In [1]:
import spacy

# Load the small English spaCy model
try:
    nlp = spacy.load("en_core_web_sm")
except OSError:
    print("spaCy model 'en_core_web_sm' not found.")
    print("Please run: python -m spacy download en_core_web_sm")
    exit()

print("--- Task 3: spaCy NER and Sentiment ---")

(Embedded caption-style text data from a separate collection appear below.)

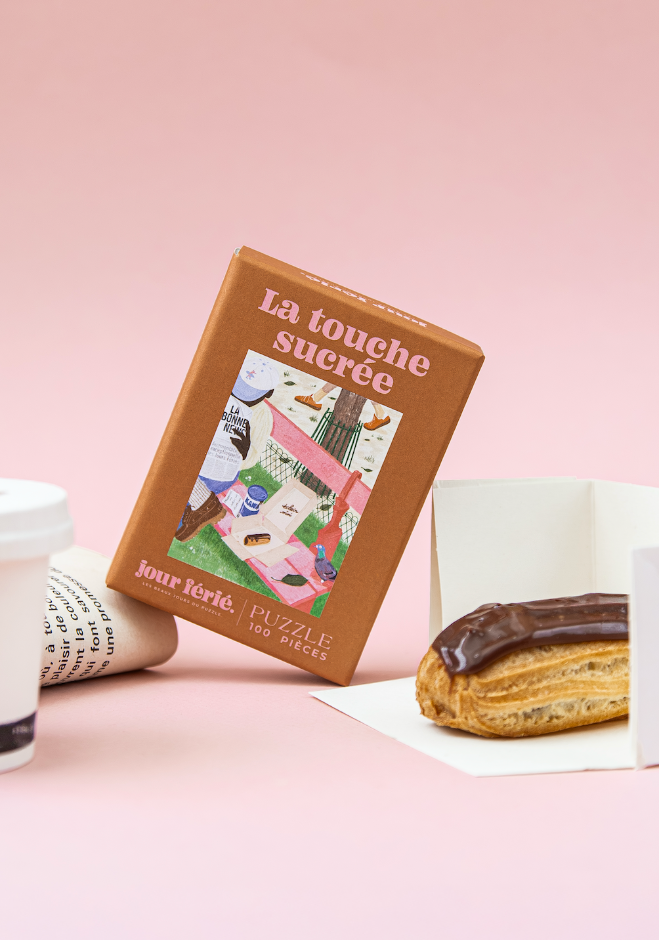 Boîte La touche sucrée Jour Férié près d’un éclair au chocolat et d’un journal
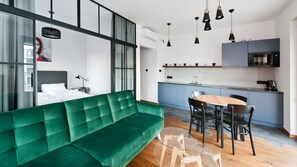 A modern living space with a green sofa, a dining table with chairs, a kitchen area, and a large window with curtains. - Apartamenty Sun & Snow Rakowicka Podkowa (Kraków)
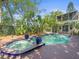 A refreshing pool and spa surrounded by lush tropical plants and a charming two-story home at 125 29Th N St, St Petersburg, FL 33713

# Sample Amazon review data
# In a real task, you'd load this from a CSV file (e.g., from Kaggle)
# We'll use the 'reviewText' column name as found in common Kaggle datasets
reviews = [
    {
        "id": 1,
        "reviewText": "I bought the new Sony WH-1000XM4 headphones last week. "
                      "They are amazing! The noise cancellation is better than my old Bose QC35."
    },
    {
        "id": 2,
        "reviewText": "This Anker USB-C hub is a terrible product. It stopped working after just one day. "
                      "I am returning it and buying a UGREEN one instead."
    },
    {
        "id": 3,
        "reviewText": "The new Apple MacBook Pro with the M2 chip is fantastic. "
                      "I also got a Logitech MX Master 3 mouse to go with it."
    }
]

# 1. Goal: Named Entity Recognition (NER)
print("\n--- 1. Named Entity Recognition (NER) ---")
for review in reviews:
    print(f"\nReview ID: {review['id']}")
    doc = nlp(review['reviewText'])

    print("  Entities Found:")
    found_entities = False
    for ent in doc.ents:
        # We only care about Products (PRODUCT) and Brands/Orgs (ORG)
        if ent.label_ in ["PRODUCT", "ORG"]:
            print(f"    - Text: '{ent.text}', Label: '{ent.label_}'")
            found_entities = True

    if not found_entities:
        print("    - No PRODUCT or ORG entities found.")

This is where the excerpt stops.